Outros estudos que focalizam a aprendizagem da docência indicam que pesquisadores, Cochran Smith e Lytle sugerem que, para favorecer a aprendizagem docente, é preciso oportunizar aos professores explorarem e questionarem ideologias e práticas suas e de outros professores. Nessa perspectiva, as autoras citadas mencionam uma concepção que denominam de conhecimento-da-prática, ou seja, o conhecimento que considera suas próprias práticas como objeto de investigação intencional em que, tomando como referência as teorias, passam a problematizar, interpretar e compreender o processo de ensinar. Fiorentini e Crecci (2016, p. 516), ao realizarem entrevista com a professora Marylin Cochran-Smith, revelam o que ela esclarece:

[...] quando professores olham para suas próprias práticas, questionando seus próprios pressupostos e interrogando os arranjos escolares, eles habilitam-se a produzir, aumentar e alterar os conhecimentos que são úteis para sua comunidade local, e também para além dela. Como costumamos dizer: “Esse tipo de trabalho vai alterar, não apenas aumentar a base de conhecimento”. Acredito que precisamos dessa perspectiva mais privilegiada da prática.

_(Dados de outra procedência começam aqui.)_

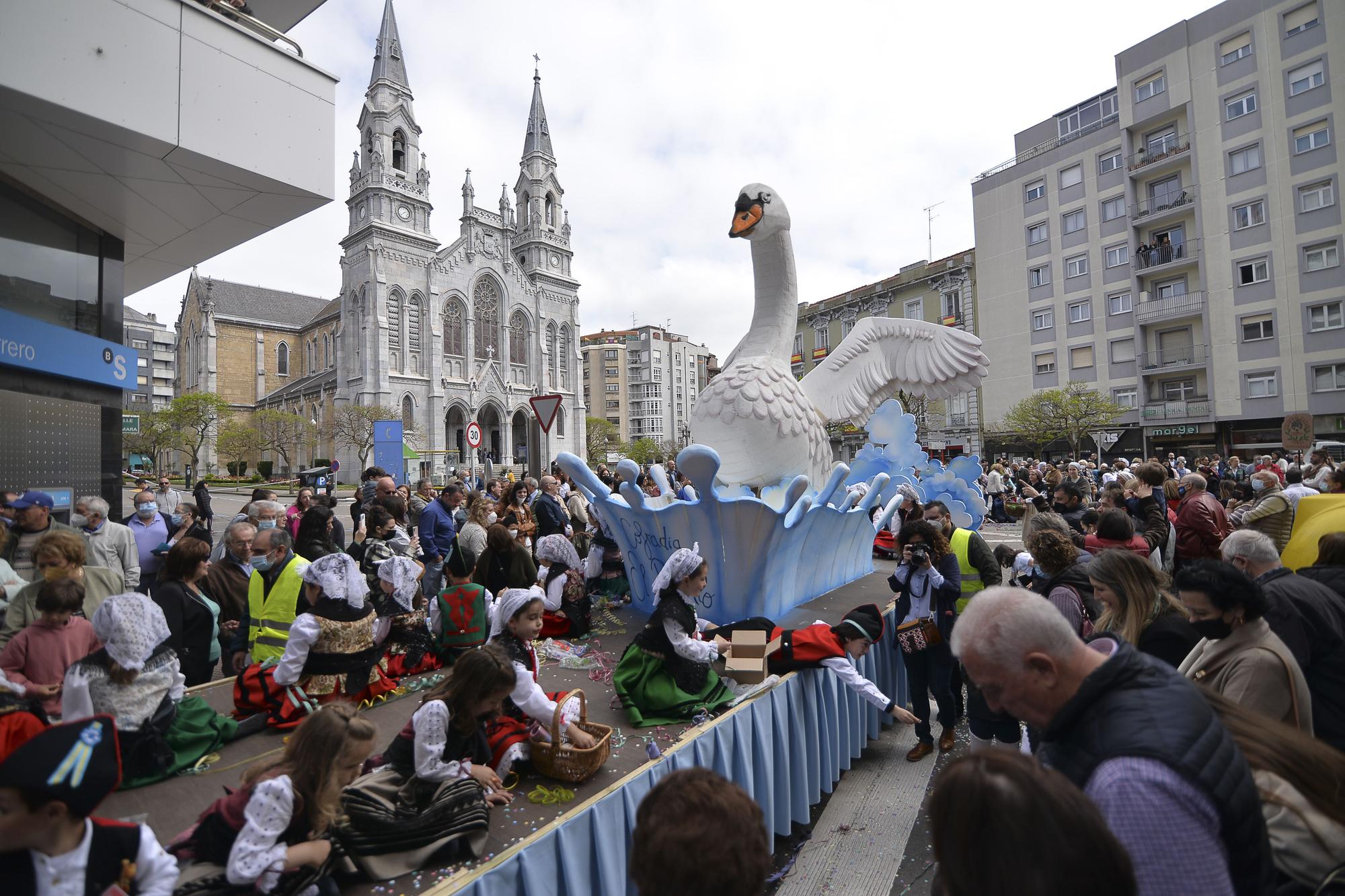 Inicio de las fiestas del Bollo de Avilés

Esse processo de indagação, problematização, para Mezirow (1990 apud VAILLANT; GARCIA, 2012, p. 41), apresenta-se como “o processo de interpretar ou reinterpretar o significado de uma experiência.”

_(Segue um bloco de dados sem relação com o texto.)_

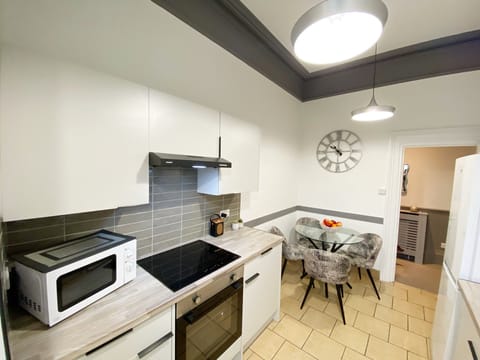 Redcliffe Apartment B, Torquay  - Kitchen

Zeichner (2008) salienta ser preciso assegurar que os professores saibam como tomar decisão no dia a dia, sem que com isso limitem “as chances de vida de seus alunos; que eles tomem decisões com uma consciência maior das possíveis consequências políticas que as diferentes escolhas podem ter.” Chama a atenção o autor para a natureza e o impacto de componentes diversos que integram a formação docente, assim como os diferentes contextos programático, institucional e político.

Diante das reflexões apresentadas indaga-se, no contexto do problema de investigação: as alunas, ao analisarem casos episódicos, que relação fazem com suas experiências vividas no estágio? E que outras perspectivas são apresentadas acerca da experiência vivida coletivamente com as discussões dos casos de ensino?

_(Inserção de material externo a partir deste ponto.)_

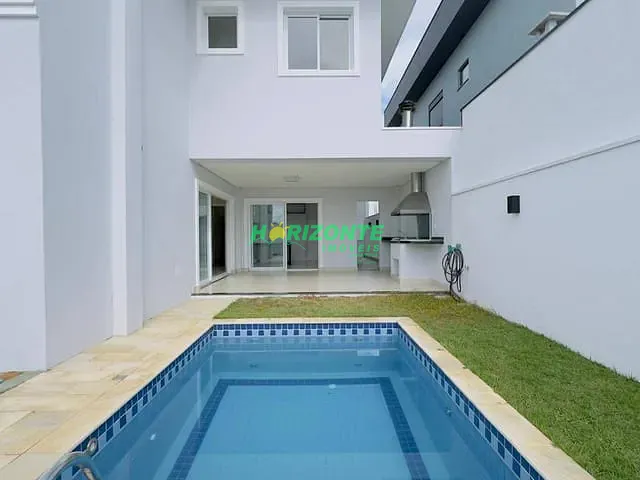 Casa com 310m² 4 quartos e 5 banheiros, à venda, no bairro Urbanova em São José dos Campos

2 CASO DE ENSINO COMO ESTRATÉGIA PARA APRENDIZAGEM DOCENTE

Marcelo Garcia destaca que toda atividade de formação de professores deve incluir estratégias formativas que facilitem a aquisição do conhecimento considerado adequado e necessário ao processo formativo. E acrescenta:

[...] o objetivo de qualquer estratégia que pretenda proporcionar a reflexão consiste em desenvolver nos professores competências metacognitivas que lhes permitam conhecer, analisar, avaliar e questionar a sua própria prática docente, assim como os substratos éticos e de valor a ela subjacentes. Por isso, algumas das estratégias pretendem ser como espelhos que permitam que os professores se possam ver reflectidos, e que através desse reflexo - que nunca é igual ao complexo mundo representacional do conhecimento do professor - o professor adquira uma maior autoconsciência pessoal e profissional. (GARCIA, 1999, p. 153-154).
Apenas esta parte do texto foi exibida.